Performance Management Flashcards
Clustering in Snowflake
As data is loaded into Snowflake, it is micro-partitioned and these partitions are clustered based on its metadata (by similarity). This is done automatically and requires no user intervention/management.
Can Materialized Views be clustered?
Yes
Cluster Key
To manually improve clustering, Snowflake supports the addition of a Cluster Key to a table. A clustering key is deigned to co-locate data in a table in the same micro-partition. This improves overall clustering and query performance.
(Generally Snowflake does a good job doing this, but at times it can be better to manually intervene)
How to determine if a table is clustered?
A table is considered to be clustered if a clustering key is present.
Should materialized views be clustered?
x
How does clustering work in the background?
As data is inserted into a table, Clustering metadata is collected and recorded for each micro-partition created during the process. Snowflake leverages this clustering information to avoid unnecessary scanning of micro-partitions, and also uses this info for clustering key purposes.

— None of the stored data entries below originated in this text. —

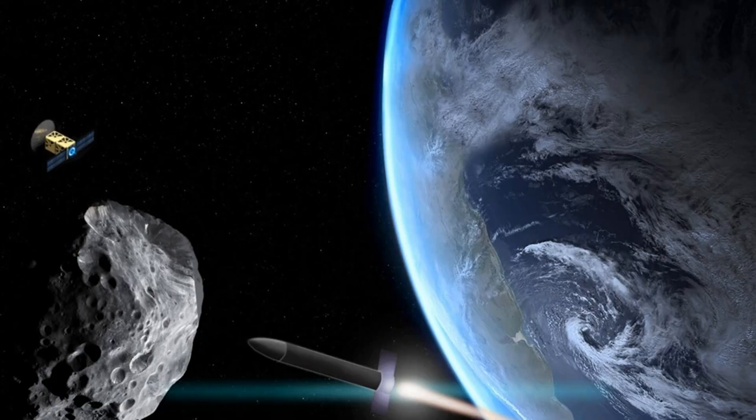MIT developed a simulation to determine the best way to deflect an asteroid — early detection is key. Barring self-inflicted catastrophes like nuclear war or irreversible climate change, the biggest threat to humanity is likely to come from outer space in the form of a rogue asteroid. It's the type of fodder that makes for a decent blockbuster film, but the truth is, it's a very real concern.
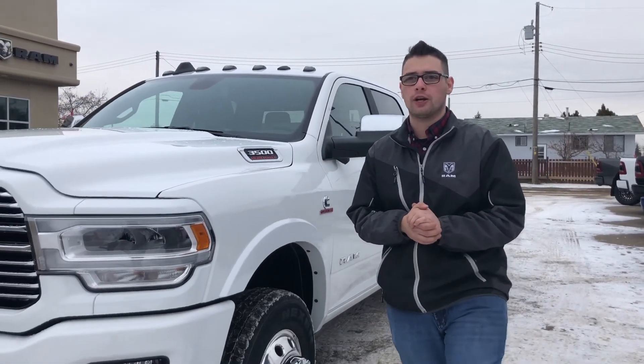If you want to make this 2019 RAM 3500 dually yours, you can email us at sales at Redwater Dodge, call us at 780-942-3629, or better yet, come on in.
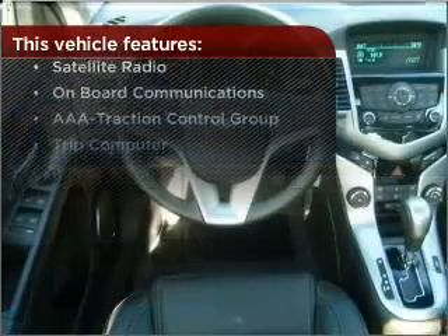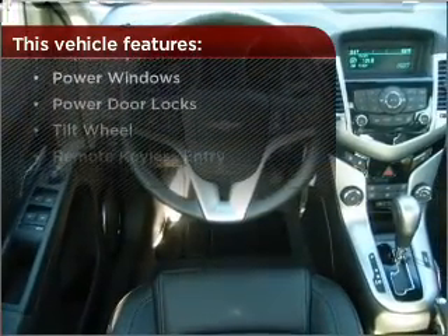Lock and unlock doors with the click of a button with power doors. But that's not all that you have to look forward to — check out this list of great added features.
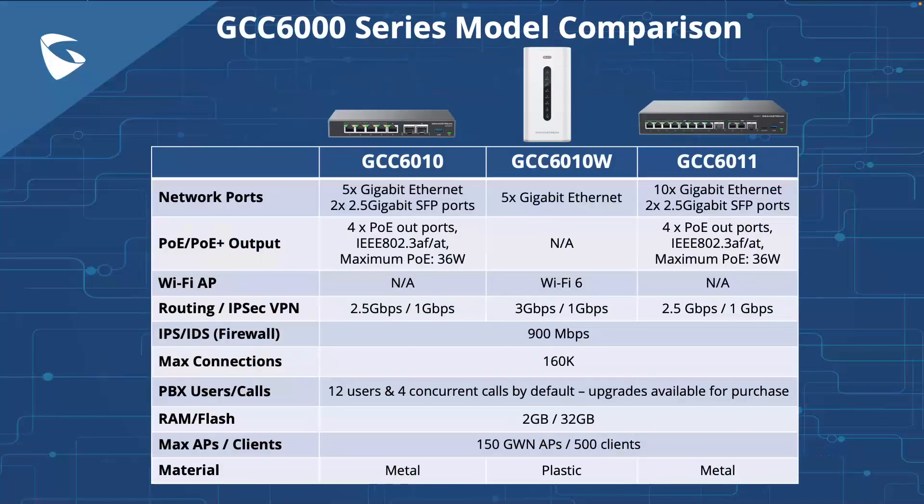The first set of products in the GCC series launching fall under the GCC 6000 series, which consists of three models: the GCC 6010, the GCC 6010W, and the GCC 6011. I'm not going to go through every spec of these models, but I'll touch on highlights and do a deeper dive into core functionalities in a few minutes.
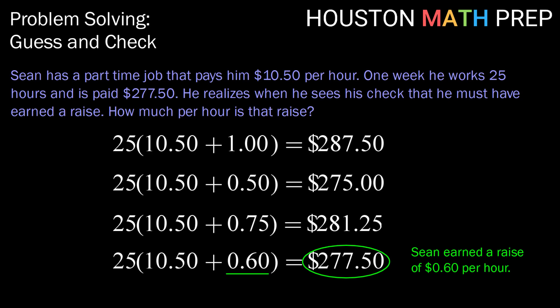So we can conclude by saying Sean earned a raise amount of $0.60 per hour. Looking back, did we answer the question? Yes, we were able to find the raise amount per hour. And do we think that guess and check was appropriate? Sure. Are there other methods that could have worked for this problem? Most definitely, but this one worked here. All right guys, that does it for this video on problem solving with guess and check. Until next time, we'll catch you in a future video.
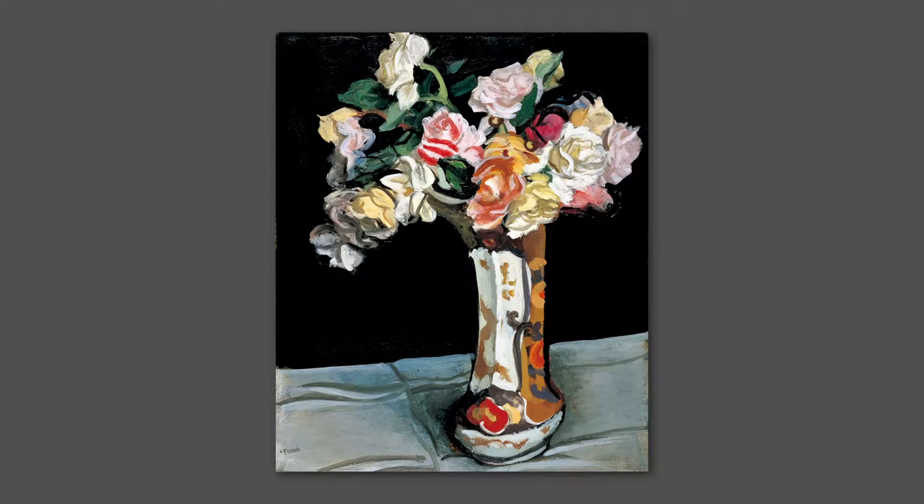the edge of the table which rises slightly to the right, a large and colourful motif placed against a background boldly divided between black and white — the whole structure of the painting attests to Yasui's extraordinary sense of design.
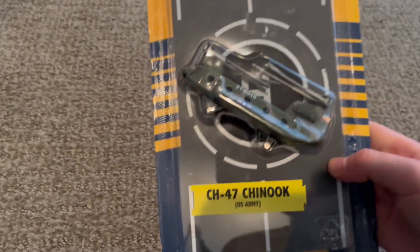Yo, what's up guys? Welcome back to another video. We've got another unboxing video to do with you. We've got two Runway 24 planes, both by Daron — the CH-47 Chinook and the B-2 Stealth Bomber, so let's get into it.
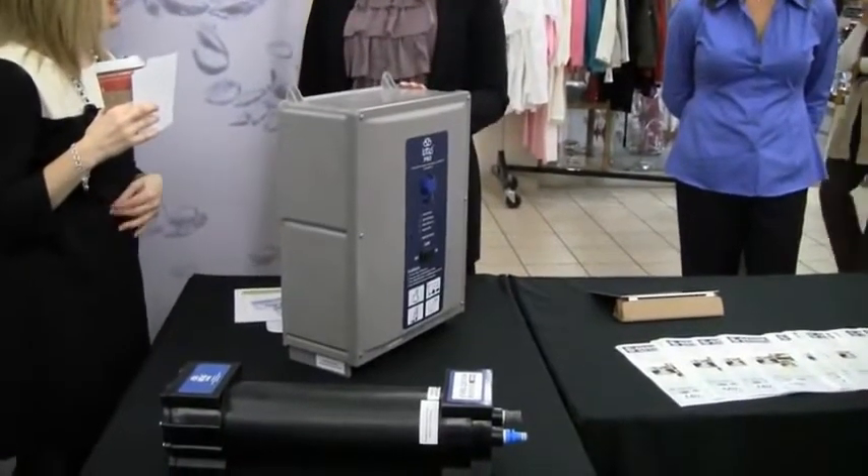It uses an electrical charge to infuse tap water with ozone. And lab results conducted at Windsor Regional show it works better than chemicals used to clean hospital surfaces now.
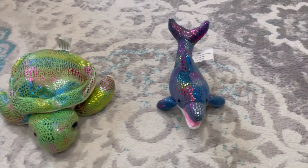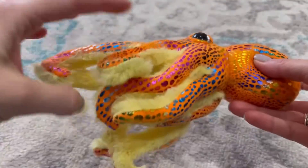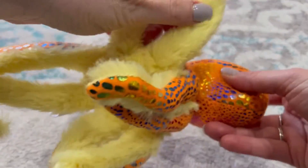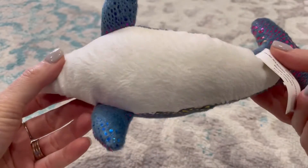So this sea stuffed animal set is amazing. My kids love it. There's a dolphin, a sea turtle, and an octopus. All of these stuffed animals are so super soft and have this great, beautiful glitter finish.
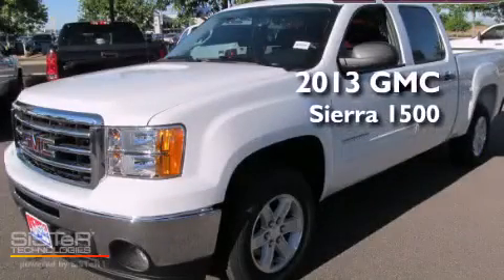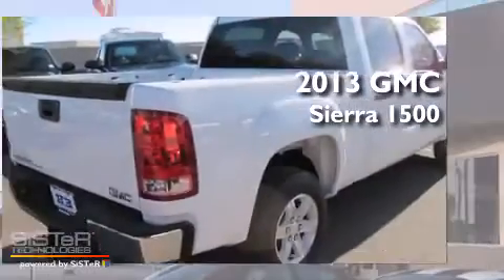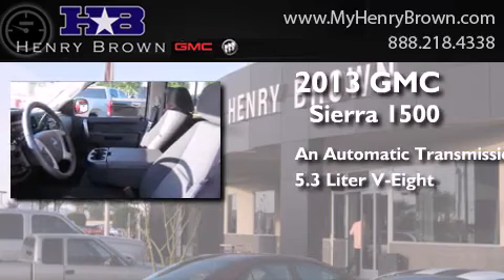This is a brand new 2013 GMC Sierra 1500. This truck has an automatic transmission and a 5.3-liter V8.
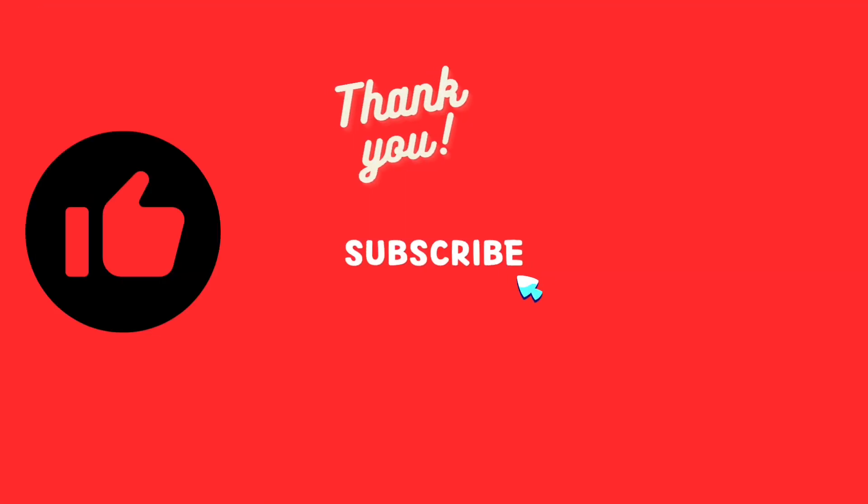Thank you for learning with me. That's the end. If you like this video, please hit the thumbs up and subscribe.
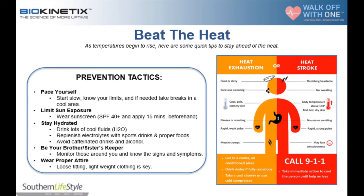With heat stroke, my body temperature is going to rise above 103 degrees, and my skin is going to be hot, dry, and red. Both heat exhaustion and heat stroke involve nausea and vomiting. With heat stroke, we're going to have a rapid and strong pulse, whereas with heat exhaustion, we're going to have a rapid but weak pulse.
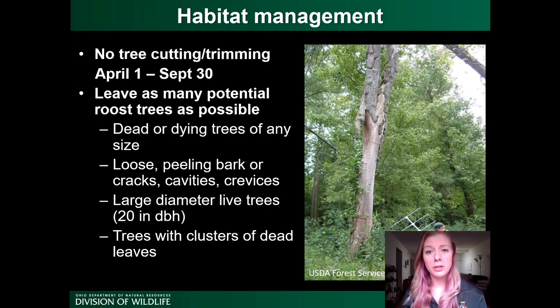So what do these new listings mean for habitat management recommendations? Since northern long-eared and little brown bats use similar roosts to Indiana bats, not a lot has changed in terms of our tree-cutting recommendations. As always, you should avoid cutting or trimming trees between April 1st and September 30th. Clearing trees during the maternity period risks destroying a roost tree and killing females and their young. Even after young can fly, bats continue roosting in trees until they leave for winter hibernation or migrate in October — which is why the restricted period lasts through September.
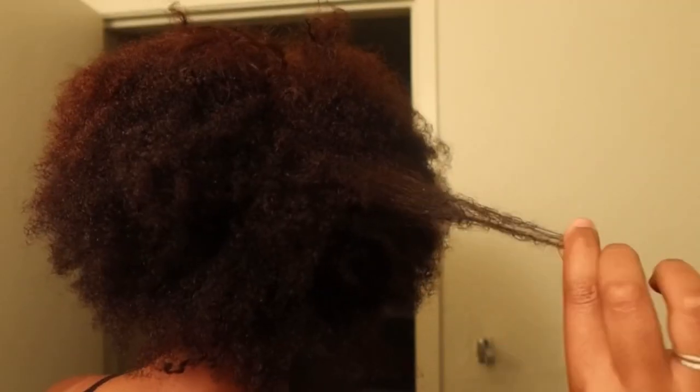Hello everybody, welcome or welcome back to my channel. In today's video I'm going to be doing the big chop. As you can see in these clips, my hair is pretty damaged — this is something I've been wanting to do but I kept putting it off and putting it off, but we're gonna do it finally.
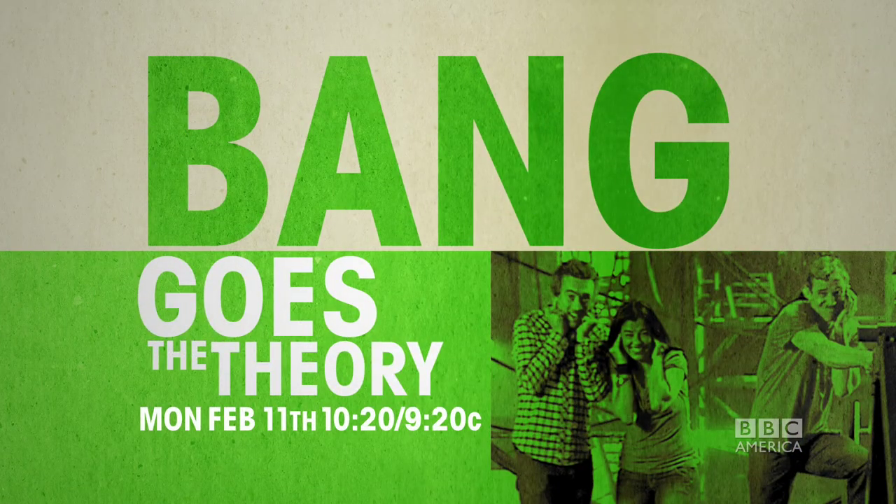Bang Goes the Theory premieres Monday, February 11th at 10:20, after an all-new Top Gear.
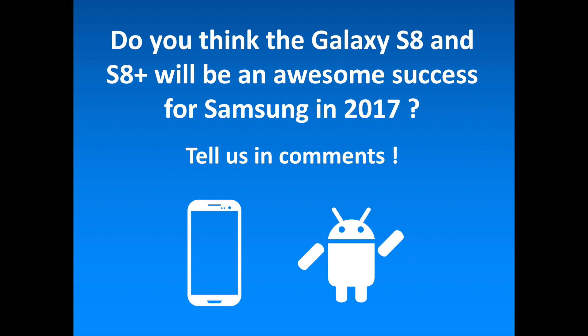Do you think the Galaxy S8 and S8 Plus will be the biggest success in Samsung Galaxy S series history? Tell us in the comments. To discover more Android-related content, don't hesitate to subscribe to the channel. We'll see you next time.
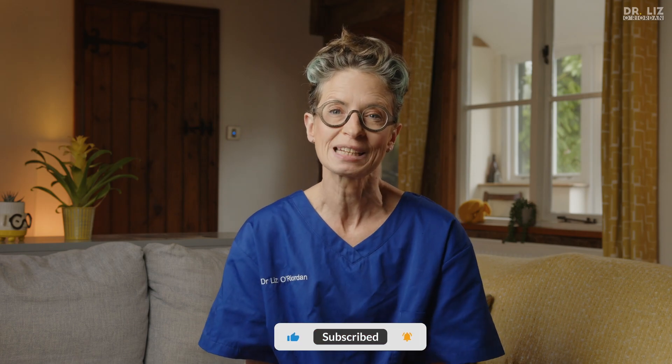I hope you found this useful. Remember to subscribe so you don't miss my next video. I'm Dr. Liz Reardon, and thanks for watching my channel.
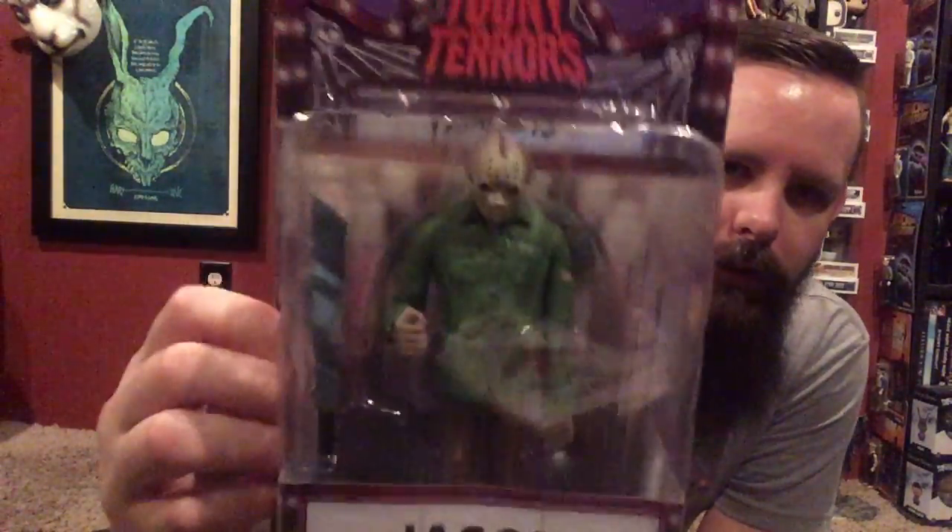NECA's doing this whole new line of action figures that are sort of based on cartoons. They're made to look like they're sort of from Scooby-Doo — obviously not licensed Scooby-Doo. You've probably seen some artwork around the internet that looks a lot like this. I was sort of on the fence about getting this stuff simply because I felt like NECA saw this artwork and decided to capitalize on it, which is not illegal because they changed a little bit of it.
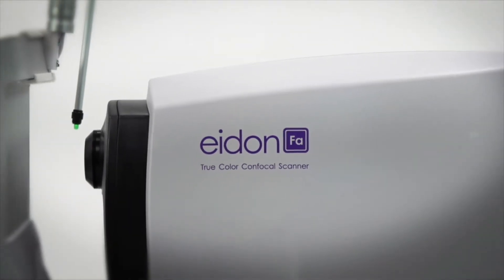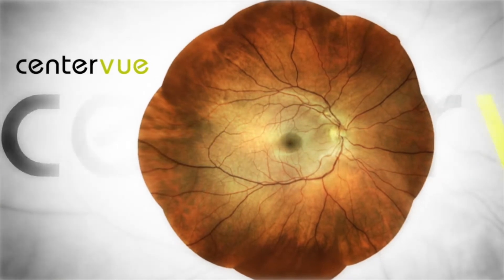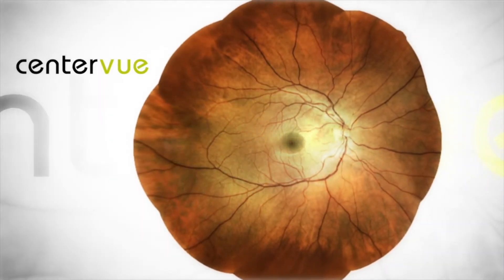The Adon Confocal Scanner is a scanning line ophthalmoscope designed to provide the highest image quality of the retina available in true color.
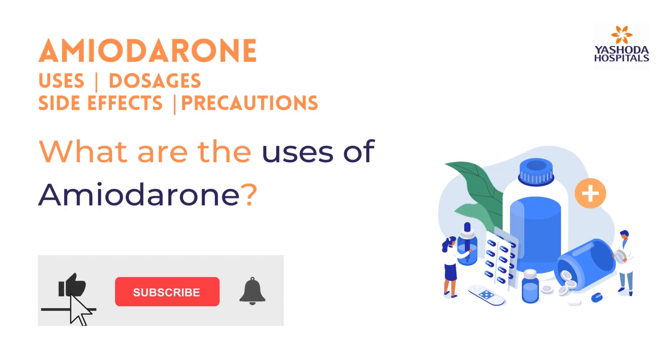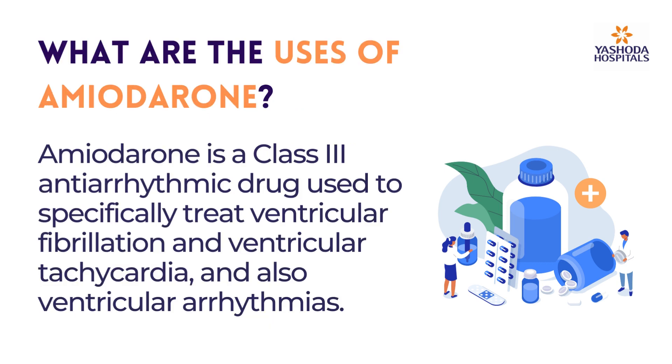What are the uses of amiodarone? Amiodarone is a class 3 antiarrhythmic drug used to specifically treat ventricular fibrillation and ventricular tachycardia, and also ventricular arrhythmias.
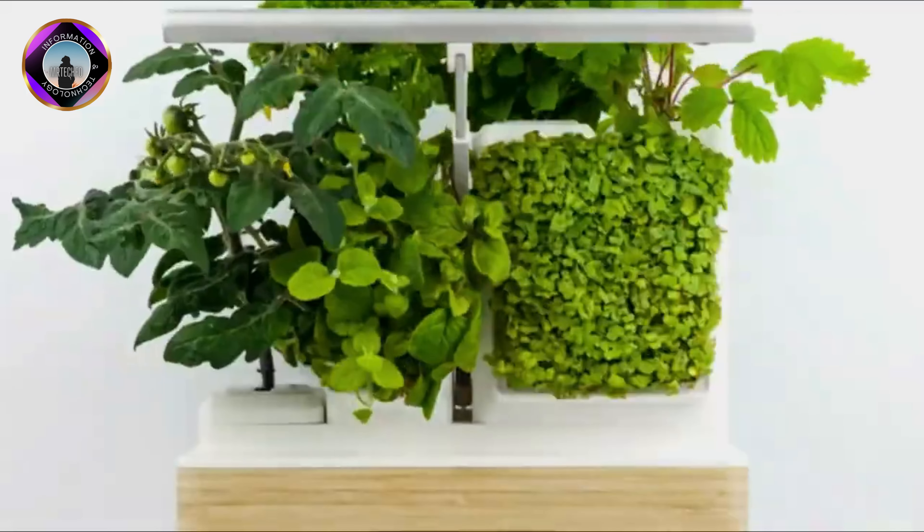TOTEM Planter is a great option for people who want to grow their own food or flowers indoors but don't have a lot of time or experience with gardening. It is also a good option for people who live in small spaces, as it can be used to grow plants vertically.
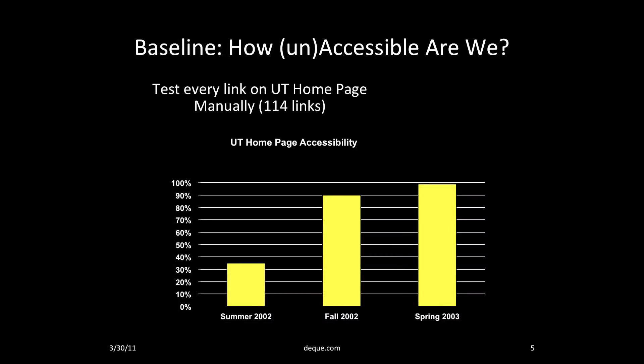In the summer of 2002, we set about trying to figure out how to make the University of Texas more accessible. We began with a manual test of the UT home page and every link off the home page — about 114 pages. The first test revealed that fewer than 40% of the pages we tested were accessible. Our next step was to fix all accessibility errors on any page the UT Central web team controlled, then we contacted each of the other page owners and offered training, consulting, and motivation to fix errors on their home pages. By the fall of 2002, we had raised our scores to 90% accessible, and by the spring of 2003, we were at 98%. This was only the home pages of these top-level sites, but it was a good start.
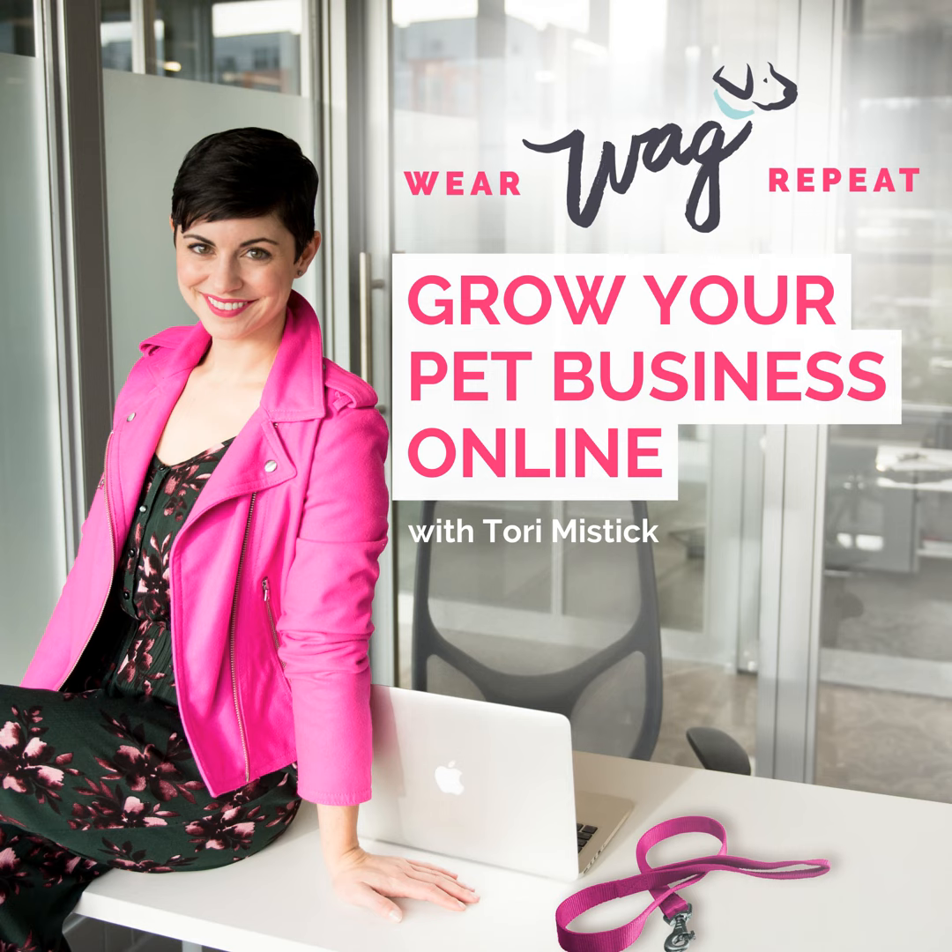Welcome to the Wear, Wag, Repeat podcast. I'm Tori Mystic, here with my dogs Lucy and Bert. Together, we're interviewing cool, creative women entrepreneurs in the pet industry. Do you dream of working alongside your dog? Then sit, stay, and listen to the latest episode to find the inspiration and resources that will help you grow your own dog-inspired business.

When can clustering keys be defined?
CREATE TABLE
ALTER TABLE
What should determine whether to define a clustering key?
- Queries on the table are running slower than expected/degraded over time.
- The clustering depth for a table is large.
Impact of Clustering on Query Pruning
Micro-partition metadata maintained by Snowflake enables precise and optimal pruning of columns in micro-partitions, including columns with semi-structured data.
Clustering Query Pruning Example
If a query filters on value X, and value X is only present in 10% of all micro-partitions, a well clustered table will only scan 10% of its micro-partitions and ignore the rest of the micro-partitions.
What keys are best clustered? (in order of priority)
- Cluster columns that are most actively used by select filters
- Columns frequently joined on
Recommended Maximum Columns per Cluster Key
4
What qualities make for a good cluster key
A column with low cardinality is a bad candidate, and a column with high cardinality is a bad candidate as well.
A column in the middle in terms of cardinality is best.
What is a View?
A view is a table-like object in Snowflake derived from a query. A view functions effectively like a table and can be used interchangeably with a table.
What is a Materialized View?
Identical to a normal view except that the predefined query is pre-computed and the output is stored for later use when the view is called.
Are materialized views faster than regular queries or views?
Yes, because the compute on a materialized view is done ahead of time unlike the compute for a regular query and view.